EXERCISE DETAILS: I need all the entries repeated exactly as written.

(Extracted data entries)
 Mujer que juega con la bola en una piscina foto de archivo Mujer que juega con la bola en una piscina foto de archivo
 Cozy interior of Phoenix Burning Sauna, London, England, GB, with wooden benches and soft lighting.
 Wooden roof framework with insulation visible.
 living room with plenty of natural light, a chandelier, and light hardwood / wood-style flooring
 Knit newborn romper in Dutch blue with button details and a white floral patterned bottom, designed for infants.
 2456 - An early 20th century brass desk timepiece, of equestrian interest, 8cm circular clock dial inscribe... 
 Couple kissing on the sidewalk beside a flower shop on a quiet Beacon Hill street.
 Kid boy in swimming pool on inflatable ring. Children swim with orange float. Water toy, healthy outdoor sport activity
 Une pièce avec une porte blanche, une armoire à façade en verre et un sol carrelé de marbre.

TASK ANSWER:
 Mujer que juega con la bola en una piscina foto de archivo Mujer que juega con la bola en una piscina foto de archivo
 Cozy interior of Phoenix Burning Sauna, London, England, GB, with wooden benches and soft lighting.
 Wooden roof framework with insulation visible.
 living room with plenty of natural light, a chandelier, and light hardwood / wood-style flooring
 Knit newborn romper in Dutch blue with button details and a white floral patterned bottom, designed for infants.
 2456 - An early 20th century brass desk timepiece, of equestrian interest, 8cm circular clock dial inscribe... 
 Couple kissing on the sidewalk beside a flower shop on a quiet Beacon Hill street.
 Kid boy in swimming pool on inflatable ring. Children swim with orange float. Water toy, healthy outdoor sport activity
 Une pièce avec une porte blanche, une armoire à façade en verre et un sol carrelé de marbre.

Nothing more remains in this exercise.